The following contributed materials are particularly relevant to this topic:

Questions

  • What descriptive information should be considered mandatory or desirable for each Collection?
  • Does the TDWG CD work supply everything needed?
  • Otherwise, what enhancements are necessary?
  • How much of this information needs to be normalised for machine processing (rather than just for human readers)?

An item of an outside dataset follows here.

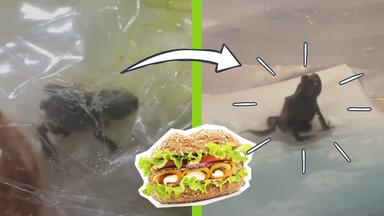 Frosch in der Salatverpackung, ein Sandwich und lebendiger Frosch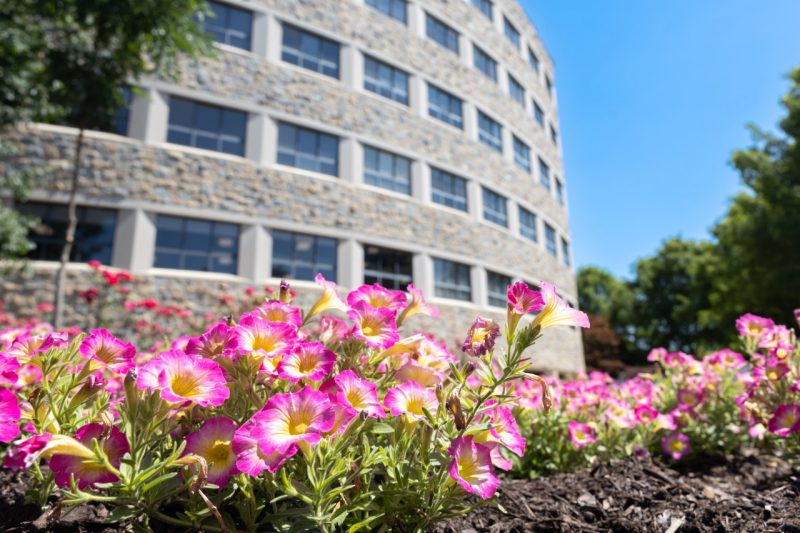 Pink summer flowers with the curve of Newman Library in the background.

I think TDWG CD is a great start to an extension for collections description. The only field I would like to see added is a field for database system used which would be useful for both collections and research communities.

1 Like

I also think the more fields you can make optional the better as info will vary by discipline - as long as it doesn’t compromise the utility of the system. I also think it is important for as many fields as possible to have controlled vocabularies - learning from the issues with traditional DwC fields that we see now - 28,000 unique values in the sex field for instance!!

3 Likes

Thanks @abentley, I’ve added a few questions on the database system field to your post in the task group thread

Not so much optional as rather allowing for different profiles per discipline. A meteorite collection needs to be described by other dimensions than an insect collection.

1 Like

What descriptive information should be considered mandatory or desirable for each Collection?

Mandatory:

  • a human readible informative collection name
  • holding institution including contact information (weblink, email, phone, address
  • information on how to cite the collection (as this appears to be an important motivation for establishing the catalogue)
  • source of the information in the record
  • last update

Desirable:

  • a short, human-readable description of the collection
  • collection metrics (e.g., number of specimens)
  • identifiers for the collection (e.g., acronyms, codes)
  • links to representations of the collection and/or its specimens
  • links to related collections

How much of this information needs to be normalised for machine processing (rather than just for human readers)?
All of the information should be made available both for human consumption and machine processing according to linked data principles. Depending on the use cases and their priorization the latter might be tackled in a second step, after gaining community acceptance.

1 Like

One process-level point I want to highlight is that a “consensus” metadata standard developed without some level of concurrent adoption or testing in institutional data workflows and projects is likely to need major revisions. The development of the Ecological Metadata Language (EML) in conjunction with staff at the U.S.’s Long-Term Ecological Research sites is a good example of the challenges of separating development and testing. Reflecting on the lengthy, conjoined revision-and-implementation process that followed the announcement of the EML 1.0, Millerand et al. 2007 conclude that “we slice the ontological pie the wrong way if we see software over here and organizational arrangements over there.” Changes to information standards are often inseparable from changes in organizational roles, for example as the local managers responsible for implementing new standards must become (and be recognized as) developers in their own right in order to articulate how local circumstances match onto abstract expectations. This suggests a high value on starting to test metadata standards in the core activities of key stakeholders before attempting to finalize agreement on a general consensus standard for describing collections.

Millerand, Florence, and Geoffrey C Bowker. 2009. “Metadata Standards. Trajectories and Enactment in the Life of an Ontology.” In Standards and Their Stories, edited by M Lampland and Susan Leigh Star, 149–65. Ithaca, NY: Cornell University Press.